Almost the Equinox by Sarah Maguire review – elegant and breathtaking

Autumn crocus
Disarming … Maguire’s poem Colchicum describes the flowers ‘all keeled over’. Photograph: John Glover/Alamy

Sarah Maguire’s Almost the Equinox is a bouquet gathered over time. These beautiful poems belong together – in a way that is rarely the case with selected poems. She is our finest gardener-poet, her botanical knowledge evident but unostentatious in her poems about flowers. You see her recalcitrant gardenia as if it were in front of you: “One lopsided, scorched-brown bloom…” Her secretive African violet is vividly present, too: “Hirsute secret hoods/ ease back/ the gauzy, veiled flesh/ to a star of opening mauve,/ pierced at the heart / with sheer gold…” And oranges, souvenirs of Taliouine, are described with tart truthfulness: “Oh, they were sharp! like hybrid grapefruit…”

With Maguire, blossoms are unpredictable. And ripeness is not all. The Florist’s at Midnight – a wonderful poem – acknowledges the violence of uprooting flowers, “cargoed across continents/ to fade far from home”. At night, in the shop, the flowers are not required to put on a show. She finds apt, unfanciful adjectives for the lily – “solitary, alert”. And there is a dazzling instability about the last line: “the streetlights/ in pieces/ on the floor”. She is a poet who summons mysterious atmospheres precisely.

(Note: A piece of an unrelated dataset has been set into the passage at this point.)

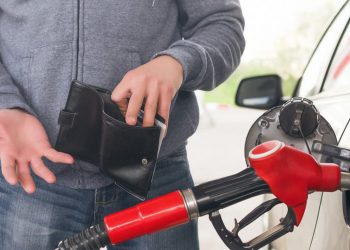 Prețurile la carburanți cresc pentru a cincea oară de la începutul anului | VIDEO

If the flowers have travelled, so has Maguire. There are poems set in Marrakech, by the Dead Sea, in the US, in Suffolk, London and Ramallah. She was the first British writer to be sent to Palestine and Yemen by the British Council (she has the additional distinction of being the only living English-language poet to have a book of her poetry in print in Arabic). There is a sense of exotic distance in her work, but it is seldom the places to which she travels that are ungraspable. It is the moments where Maguire suggests she is foreign to herself.

In Damascene, she writes: “How strange I am to myself here –/ out of bounds, unknown.” In Travelling Northward, she confesses more than once: “I don’t know where I am.” In Hibiscus: “I have no idea what is coming/ as I take the hand of a perfect stranger.” She is the exotic – translated through and by poetry. The paradox is, she never allows the reader to feel lost.

These poems sometimes touch on the impossibility of return. They exist on the edge of elegy. In Cloves and Oranges, when she writes “I will never come back”, it contains the seeds – or pips – of future regret. In Hibiscus, she writes: “I return to a room I will never return to.” The double use of “return” acts out the very thing she says she will never do – going back on itself within the phrase. Verbs are elegantly turned inside out elsewhere, too. In The Invisible Mender, she writes: “and I know that I’ll not know/ if you still are mending in the failing light”. To “know” contains unknowing, “return” explores leaving for good.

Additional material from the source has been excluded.